Vilnius' conservative councilors propose to change 3 Soviet-era street names

  • 2022-10-25
  • BNS/TBT Staff

VILNIUS – Vilnius' councilors of the ruling Homeland Union-Lithuanian Christian Democrats propose to rename the streets named after Liudas Gira and Russians, and the small garden square named after Petras Cvirka.   

Kamile Seraite, deputy chairwoman of the Historical Remembrance Commission of the City Council of Vilnius, said at a press conference on Tuesday that the commission will discuss these proposals in the near future, without waiting for the parliament to pass the so-called "desovietization" law.

The renaming of the streets "would leave less room for Russian soft power and propaganda on historical issues," the conservative councilor said.  

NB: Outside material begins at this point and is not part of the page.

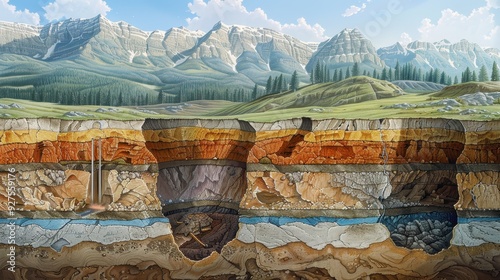 Cross-section of Earth's Layers with Mountain Range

"In our opinion, the most problematic places that commemorate the memory of people who contributed to the occupation of Lithuania and their contributions to that regime are Liudo Giros Street and Petro Cvirkos Skveras, from which the monument has been removed but the name has not been changed, and Rusu Street, which is just a name imposed by the occupiers and has nothing to do with our city's 700 years of history," she said. 

According to Seraite, it will also be proposed that the municipality refuses to continue to use its budget funds to support the Venclova house-museum, which "suppresses historical facts and fails to meet the expectations of both Vilnius residents and visitors".

The municipal Culture Committee proposes either to reform the museum or to close it down, she said.

Seraite noted that the municipality is waiting for the United Nations Human Rights Committee to lift interim measures on the statues of Soviet World War Two soldiers at Vilnius' Antakalnis Cemetery so that they can be removed and transferred to the National Museum of Lithuania.

Conservative MP Paule Kuzmickiene, who is drafting the desovietization bill, said that its aim will be not only to ban symbols of authoritarian and totalitarian regimes in public spaces, but also to set out a clear mechanism for identifying such symbols. 

"Under the law, a commission of experts would play a key role in deciding on street names and other matters," said Kuzmickiene, who chairs the parliamentary Commission for the Cause of Freedom and the National Historical Memory. 

"The commission would submit its findings to the municipality, which would help it decide whether the sign should remain in the public space or not, or perhaps it could be changed," she added.  

The MP said she will seek that the parliament adopt the law by the end of this year.